PROBLEM TO WORK ON - What you return must match the entries exactly, except that the pictures are gone.

Start of EXTRACTED ENTRIES

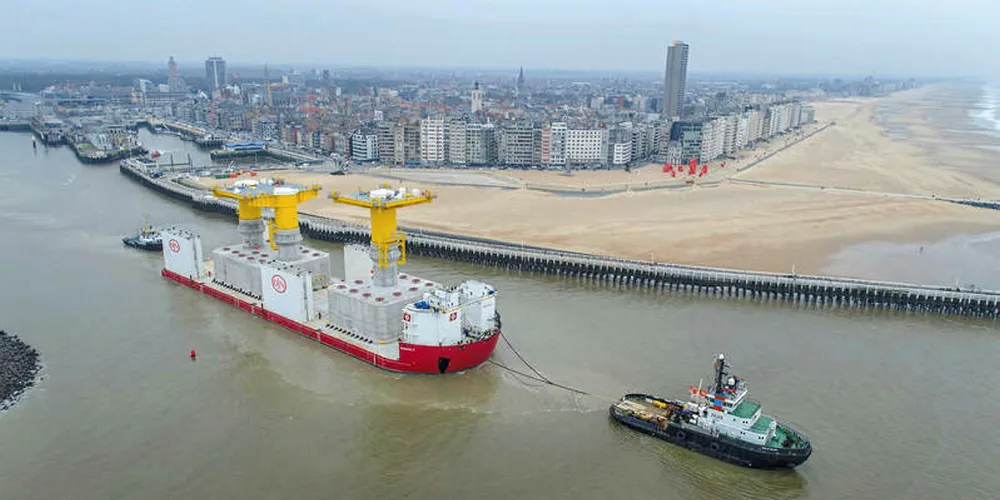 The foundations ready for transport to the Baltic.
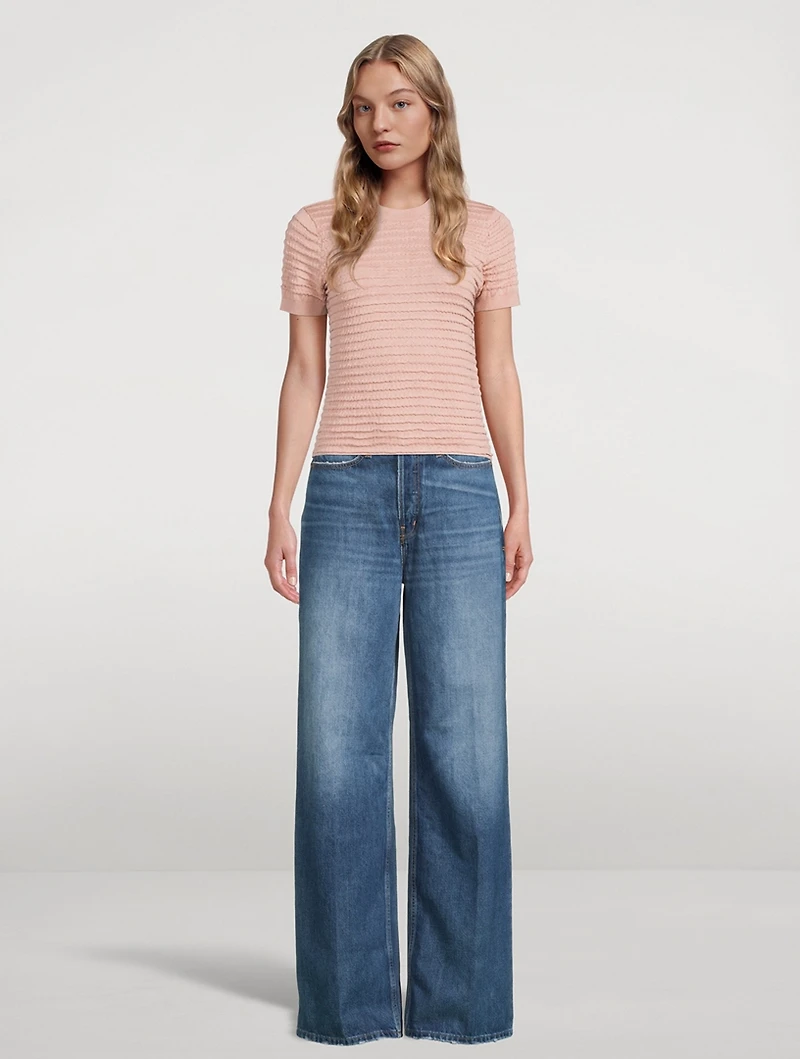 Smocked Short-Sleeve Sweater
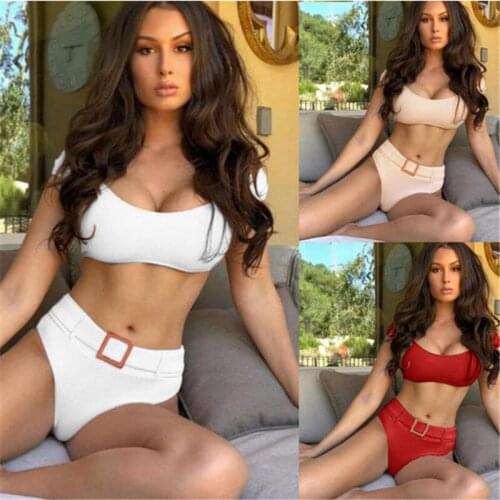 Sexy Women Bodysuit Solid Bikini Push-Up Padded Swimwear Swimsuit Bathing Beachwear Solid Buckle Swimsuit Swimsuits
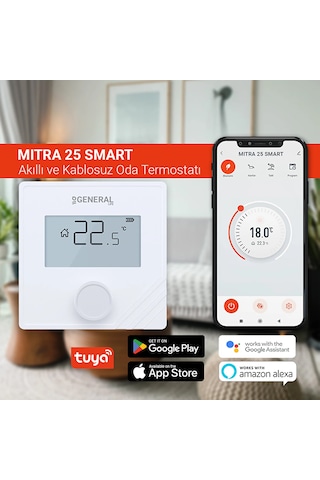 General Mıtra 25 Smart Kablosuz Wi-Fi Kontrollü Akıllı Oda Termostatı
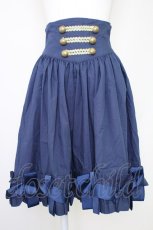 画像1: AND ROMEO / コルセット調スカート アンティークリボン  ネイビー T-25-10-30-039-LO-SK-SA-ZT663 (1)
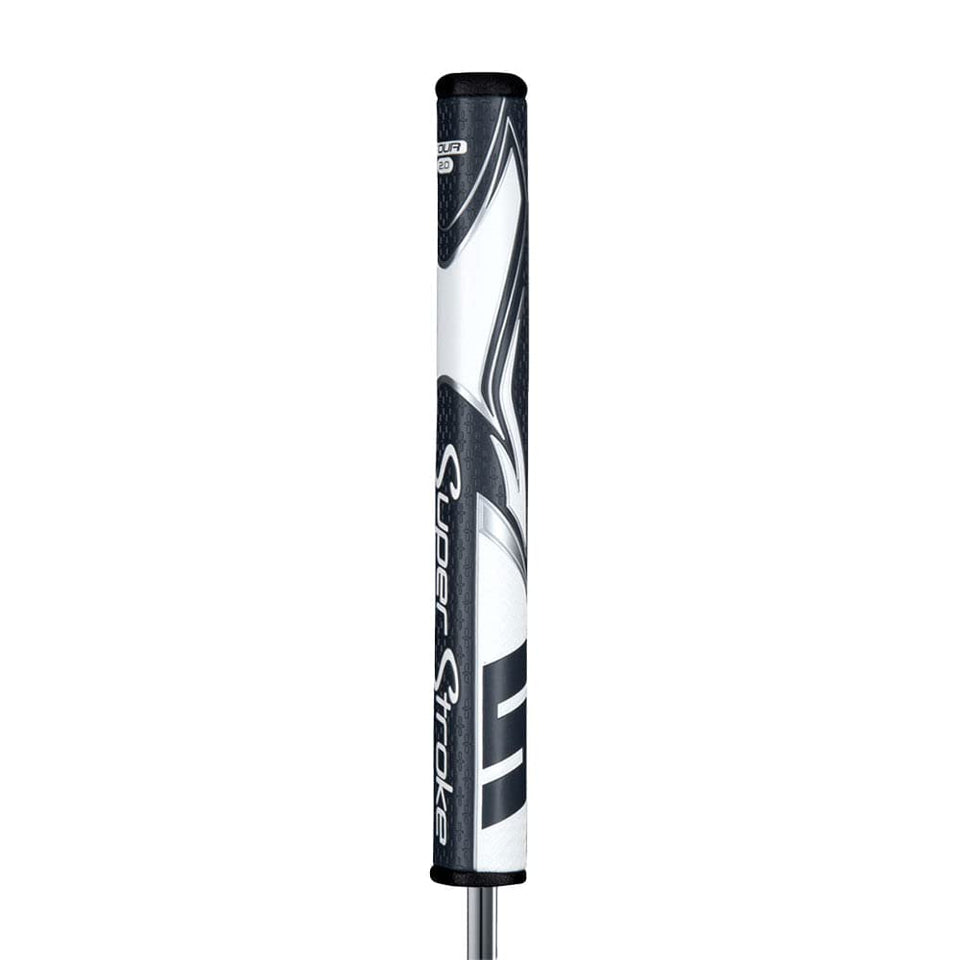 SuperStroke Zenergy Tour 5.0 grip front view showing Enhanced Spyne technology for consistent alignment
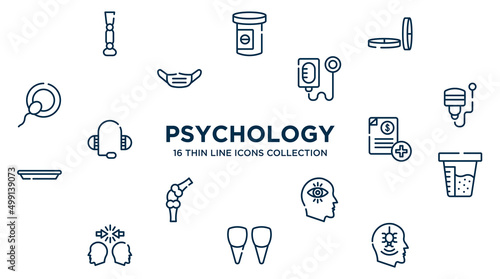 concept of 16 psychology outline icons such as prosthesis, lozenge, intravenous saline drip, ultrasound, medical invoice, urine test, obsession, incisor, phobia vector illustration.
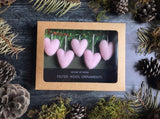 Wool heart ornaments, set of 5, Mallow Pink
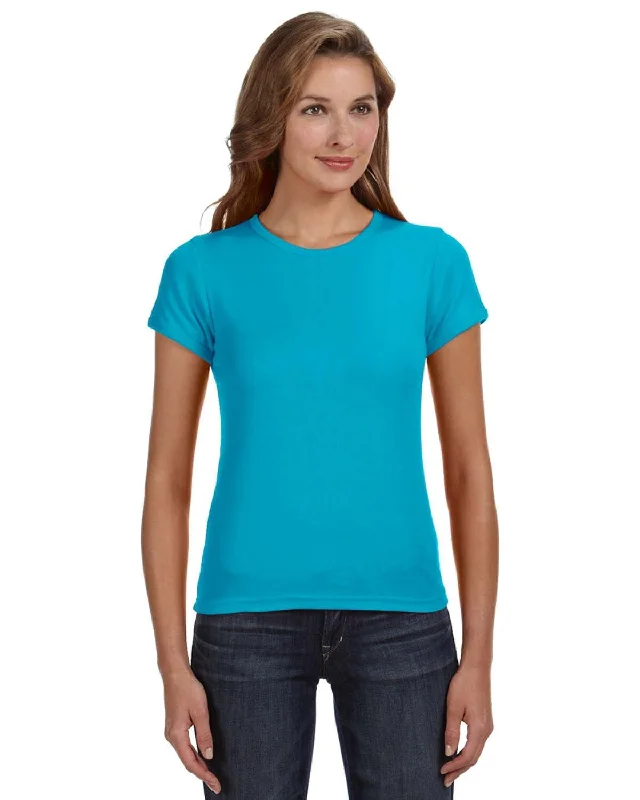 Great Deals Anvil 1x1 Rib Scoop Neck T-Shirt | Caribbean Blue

End of EXTRACTED ENTRIES

YOUR SOLUTION -
 The foundations ready for transport to the Baltic.
 Smocked Short-Sleeve Sweater
 Sexy Women Bodysuit Solid Bikini Push-Up Padded Swimwear Swimsuit Bathing Beachwear Solid Buckle Swimsuit Swimsuits
 General Mıtra 25 Smart Kablosuz Wi-Fi Kontrollü Akıllı Oda Termostatı
 画像1: AND ROMEO / コルセット調スカート アンティークリボン  ネイビー T-25-10-30-039-LO-SK-SA-ZT663 (1)
 SuperStroke Zenergy Tour 5.0 grip front view showing Enhanced Spyne technology for consistent alignment
 concept of 16 psychology outline icons such as prosthesis, lozenge, intravenous saline drip, ultrasound, medical invoice, urine test, obsession, incisor, phobia vector illustration.
 Wool heart ornaments, set of 5, Mallow Pink
 Great Deals Anvil 1x1 Rib Scoop Neck T-Shirt | Caribbean Blue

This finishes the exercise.